The second was burned by Ezra Hasofer (the Scribe).
Two by Shimon HaTzaddik.
Two by the Kohain Gadol (High Priest) Yochanan.
The seventh was burned by Eliyahu Hanavi (the prophet Elijah).
The eighth by Chanamel the Egyptian, and
The ninth by Yishmael, son of Piabi.
The tenth one will be burned by the Anointed King (Moshiach) who will be purifying all of the Jewish people that will have become defiled by their sins.
The Talmud says in Tractate Kiddushin (31a):
Come and see what a certain Gentile in Ashkelon - Dama Ben Nesina - did for his father. The Sages came to visit, wanting to purchase from him a precious stone for the Aifod (the apron worn by the Kohain Gadol).

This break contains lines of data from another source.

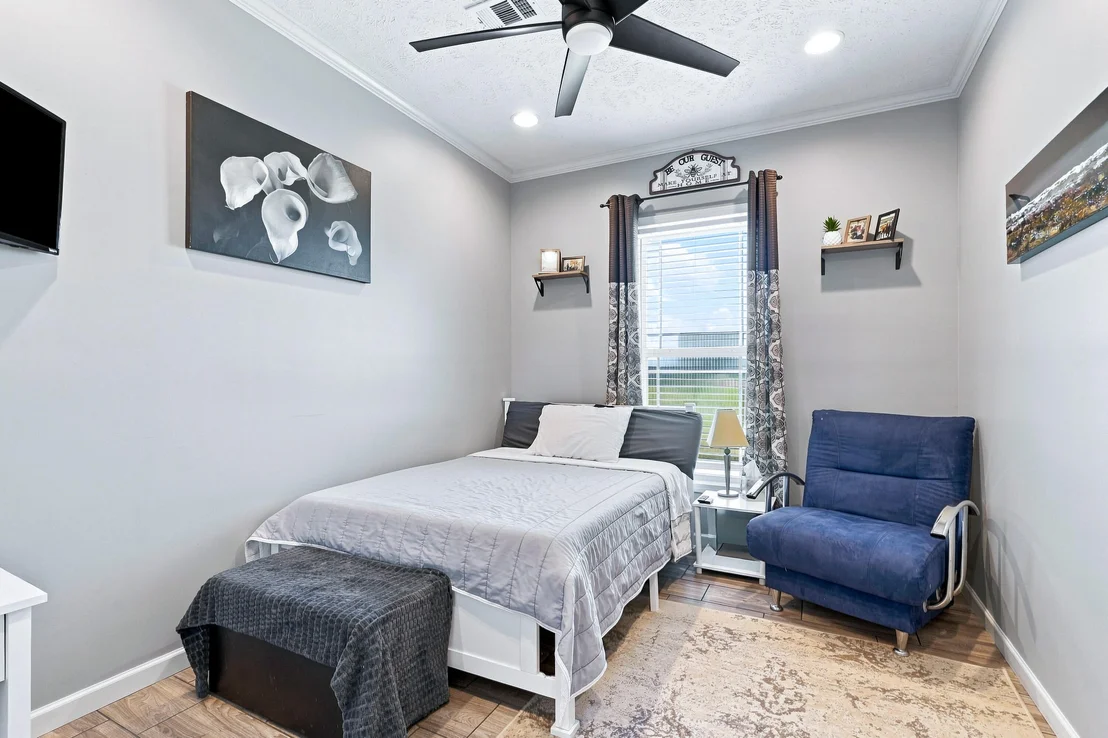 Photo of 4944 NE 115th Place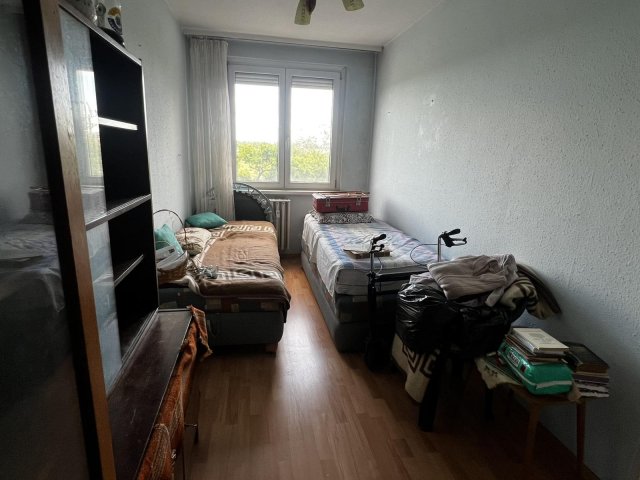 Eladó panellakás, Budapesten, XV. kerületben 64 M Ft, 3 szobás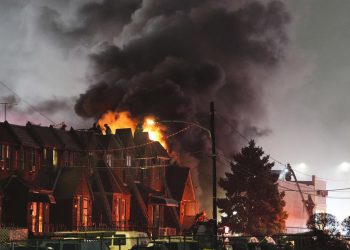 Avion se u SAD -u u vatrenoj eksploziji (videozapisi) – RT World News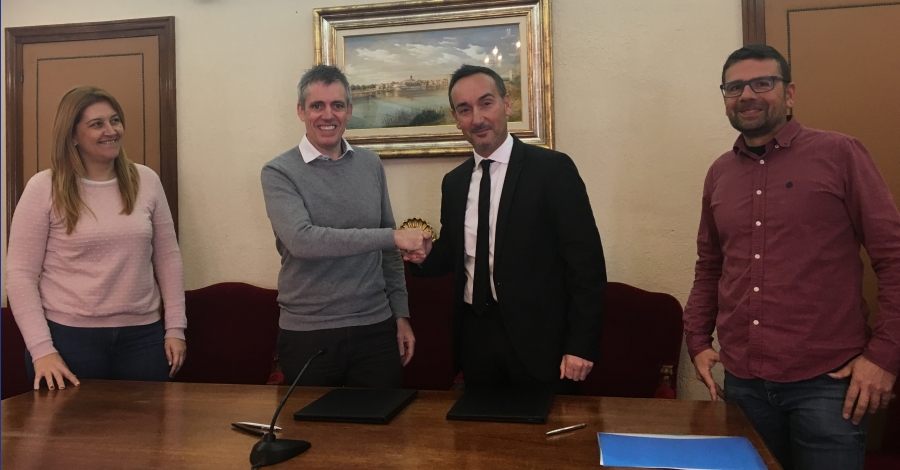 La Generalitat i l&rsquo;Ajuntament d&rsquo;Amposta signen un nou conveni per a la gesti� de l&rsquo;edifici de l&rsquo;embarcador | EbreActiu.cat, revista digital d&rsquo;oci actiu | Terres de l&rsquo;Ebre ...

The key to the box where the stone was kept was under the pillow of his sleeping father, and the son refused to fetch the key so as not to disturb his father. Hashem rewarded him, for the next year a red heifer was born in his herd. The Sages came, and Dama ben Nesina told them, "I know that you will give me any sum I ask, but I am only asking the sum that I lost (last year) because I honored my father.
Why did Dama ben Nesina deserve a red heifer as a reward for honoring his father?

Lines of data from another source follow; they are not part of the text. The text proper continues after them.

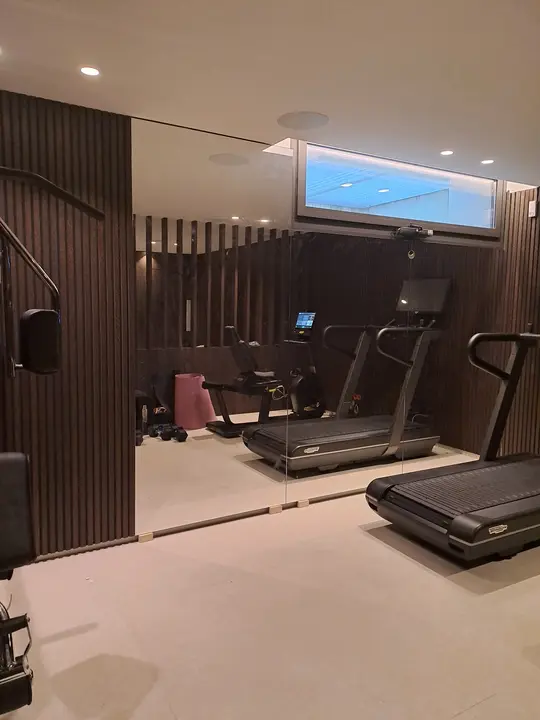 Espejo de pared completa en gimnasio privado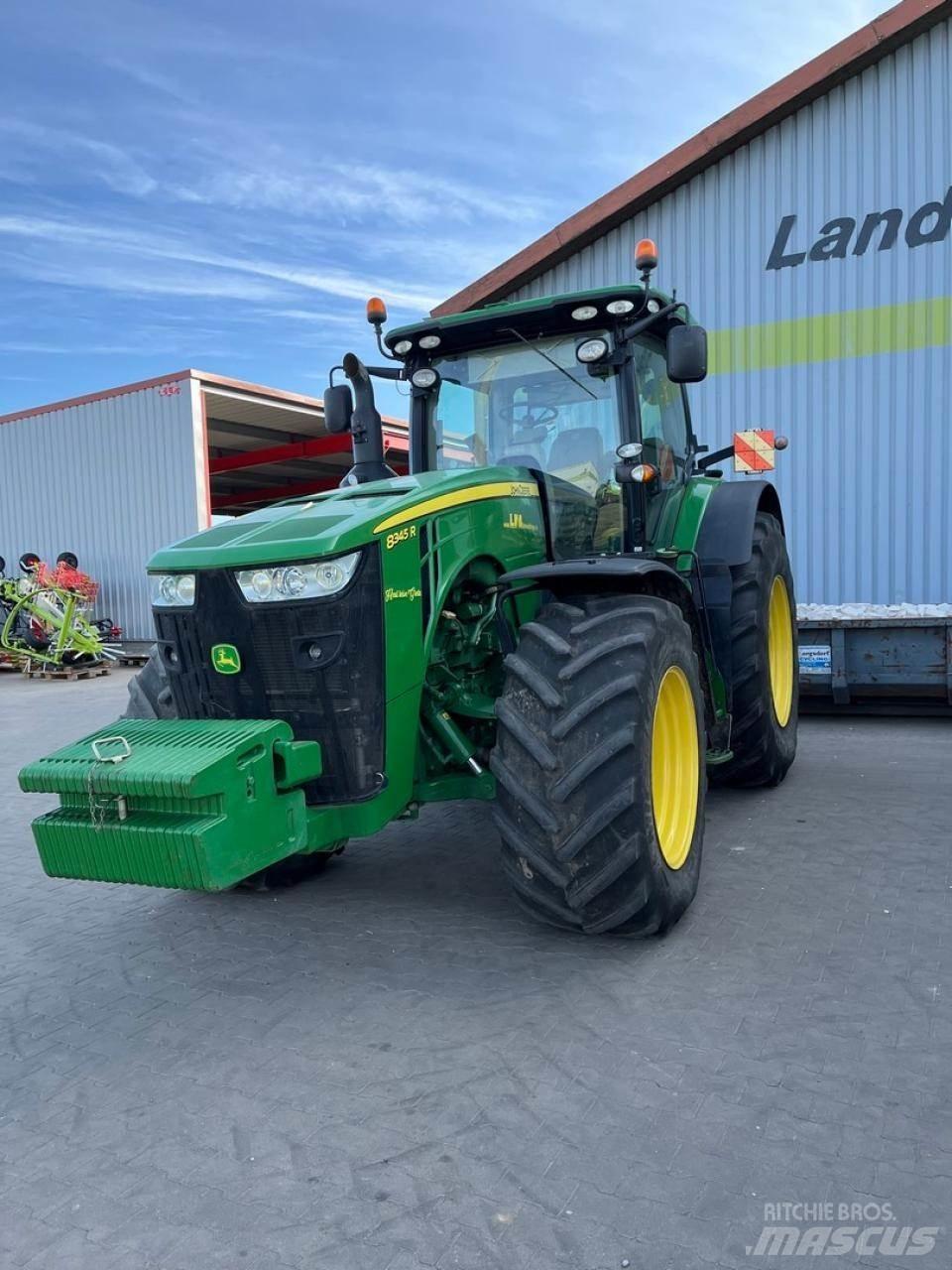 John Deere 8345R Trattori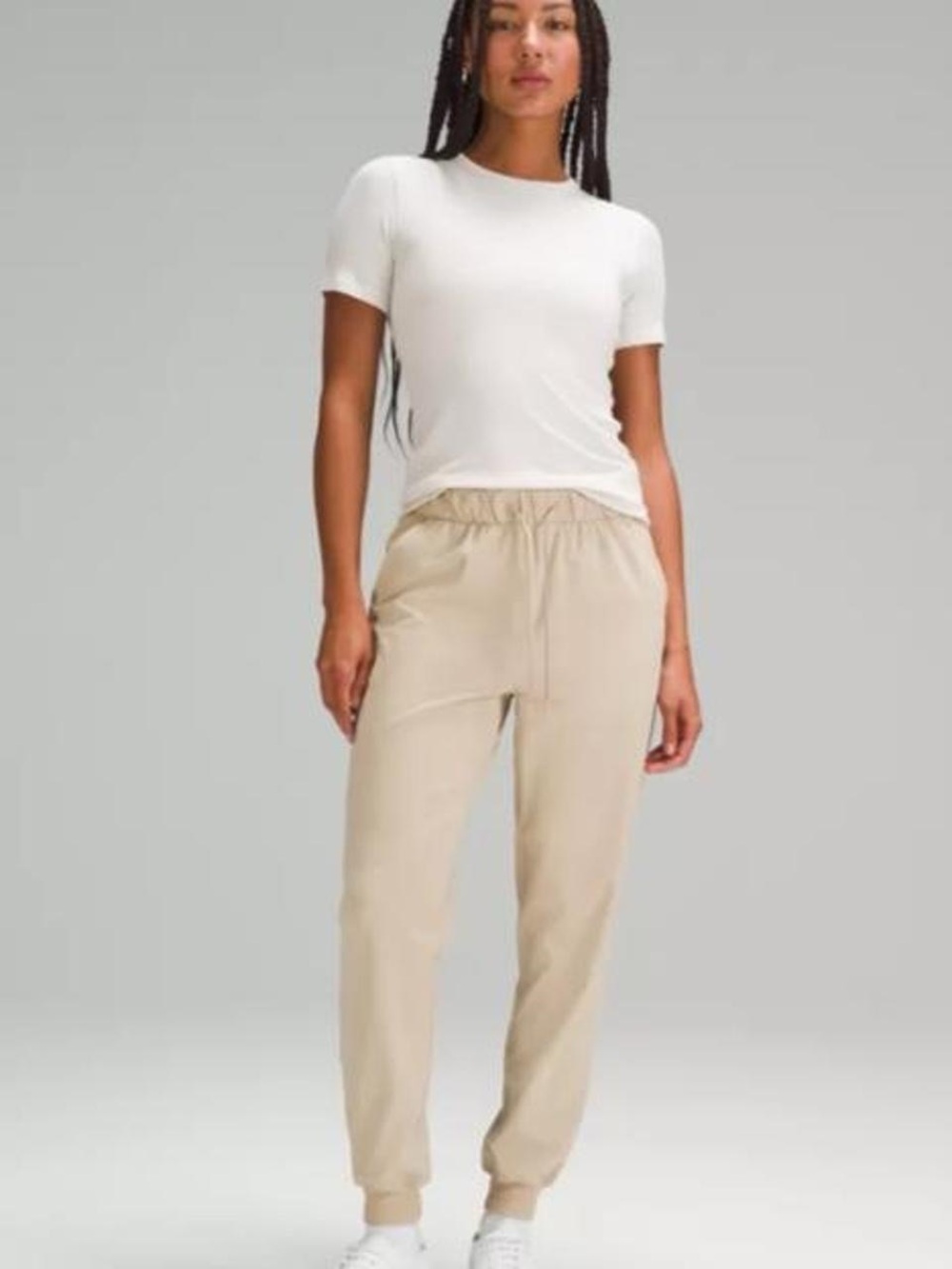 Lululemon stretch jogger in cream/tan ~ so soft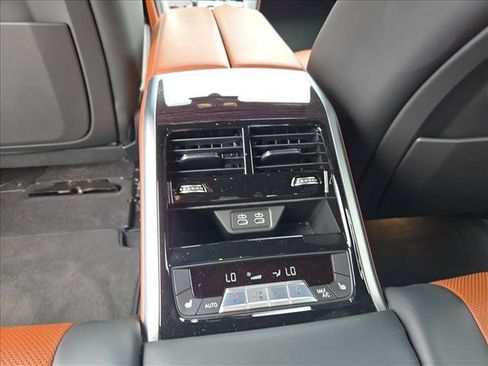 Used 2025 BMW 840i RWD image 17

Answers the Admor of Kotzk ("Emes V'Emuna") that when this gentile so distinguished himself in the mitzvah of honoring one's father, a strong accusation was heard in heaven against Bnei Yisroel. "It was not a Jew but a gentile who was willing to make a great sacrifice to fulfill this mitzvah!"
As a reply to this accusation, the Holy One arranged that a red heifer be born in the same gentile's herd. Out came the Sages of Israel, prepared to pay ANY PRICE in order to fulfill Hashem's mitzvah - one that is a Chok, having no apparent reason or sense to it. By contrast, the gentile only had been prepared to make a great sacrifice to fulfill a mitzvah that is easy to understand - honoring one's father.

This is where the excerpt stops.